Hands-On Deep Learning with Apache Spark
上QQ阅读APP看书,第一时间看更新

Data ingestion from a relational database

Suppose the data is stored in a table called sparkexample in a MySQL (https://dev.mysql.com/) schema with the name sparkdb. This is the structure of that table:

mysql> DESCRIBE sparkexample;
+-----------------------+-------------+------+-----+---------+-------+
| Field | Type | Null | Key | Default | Extra |
+-----------------------+-------------+------+-----+---------+-------+
| DateTimeString | varchar(23) | YES | | NULL | |
| CustomerID | varchar(10) | YES | | NULL | |
| MerchantID | varchar(10) | YES | | NULL | |
| NumItemsInTransaction | int(11) | YES | | NULL | |
| MerchantCountryCode | varchar(3) | YES | | NULL | |
| TransactionAmountUSD | float | YES | | NULL | |
| FraudLabel | varchar(5) | YES | | NULL | |
+-----------------------+-------------+------+-----+---------+-------+
7 rows in set (0.00 sec)

It contains the same data as, for the example, in Training data ingestion through Spark, as follows:

mysql> select * from sparkexample;
+-------------------------+------------+------------+-----------------------+---------------------+----------------------+------------+
| DateTimeString | CustomerID | MerchantID | NumItemsInTransaction | MerchantCountryCode | TransactionAmountUSD | FraudLabel |
+-------------------------+------------+------------+-----------------------+---------------------+----------------------+------------+
| 2016-01-01 17:00:00.000 | 830a7u3 | u323fy8902 | 1 | USA | 100 | Legit |
| 2016-01-01 18:03:01.256 | 830a7u3 | 9732498oeu | 3 | FR | 73.2 | Legit |
|... | | | | | | |

The dependencies to add to the Scala Spark project are the following:

  • Apache Spark 2.2.1
  • Apache Spark SQL 2.2.1
  • The specific JDBC driver for the MySQL database release used

Let's now implement the Spark application in Scala. In order to connect to the database, we need to provide all of the needed parameters. Spark SQL also includes a data source that can read data from other databases using JDBC, so the required properties are the same as for a connection to a database through traditional JDBC; for example:

var jdbcUsername = "root"
var jdbcPassword = "secretpw"

val jdbcHostname = "mysqlhost"
val jdbcPort = 3306
val jdbcDatabase ="sparkdb"
val jdbcUrl = s"jdbc:mysql://${jdbcHostname}:${jdbcPort}/${jdbcDatabase}"

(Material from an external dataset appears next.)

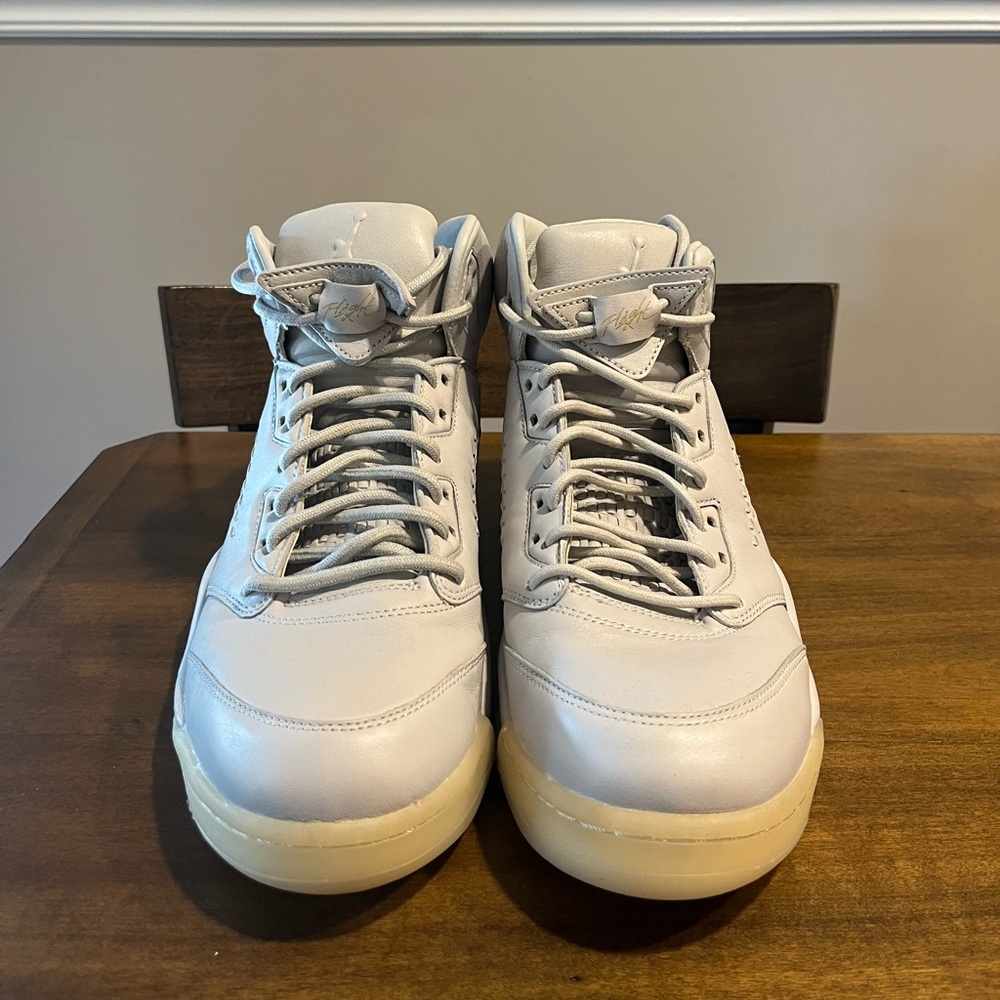 Jordan 5 Retro sneakers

We need to check that the JDBC driver for the MySQL database is available, as follows:

Class.forName("com.mysql.jdbc.Driver")

We can now create a SparkSession, as follows:

val spark = SparkSession
.builder()
.master("local[*]")
.appName("Spark MySQL basic example")
.getOrCreate()

Import the implicit conversions, as follows:

import spark.implicits._

You can finally connect to the database and load the data from the sparkexample table to a DataFrame, as follows:

val jdbcDF = spark.read
.format("jdbc")
.option("url", jdbcUrl)
.option("dbtable", s"${jdbcDatabase}.sparkexample")
.option("user", jdbcUsername)
.option("password", jdbcPassword)
.load()

Spark automatically reads the schema from a database table and maps its types back to Spark SQL types. Execute the following method on the DataFrame:

jdbcDF.printSchema()

It returns the exact same schema as for the table sparkexample; for example:

root
|-- DateTimeString: string (nullable = true)
|-- CustomerID: string (nullable = true)
|-- MerchantID: string (nullable = true)
|-- NumItemsInTransaction: integer (nullable = true)
|-- MerchantCountryCode: string (nullable = true)
|-- TransactionAmountUSD: double (nullable = true)
|-- FraudLabel: string (nullable = true)

Once the data is loaded into the DataFrame, it is possible to run SQL queries against it using the specific DSL as shown in the following example:

jdbcDF.select("MerchantCountryCode", "TransactionAmountUSD").groupBy("MerchantCountryCode").avg("TransactionAmountUSD")

It is possible to increase the parallelism of the reads through the JDBC interface. We need to provide split boundaries based on the DataFrame column values. There are four options available (columnname, lowerBound, upperBound, and numPartitions) to specify the parallelism on read. They are optional, but they must all be specified if any of them is provided; for example:

val jdbcDF = spark.read
.format("jdbc")
.option("url", jdbcUrl)
.option("dbtable", s"${jdbcDatabase}.employees")
.option("user", jdbcUsername)
.option("password", jdbcPassword)
.option("columnName", "employeeID")
.option("lowerBound", 1L)
.option("upperBound", 100000L)
.option("numPartitions", 100)
.load()

While the examples in this section refer to a MySQL database, they apply the same way to any commercial or open source RDBMS for which a JDBC driver is available.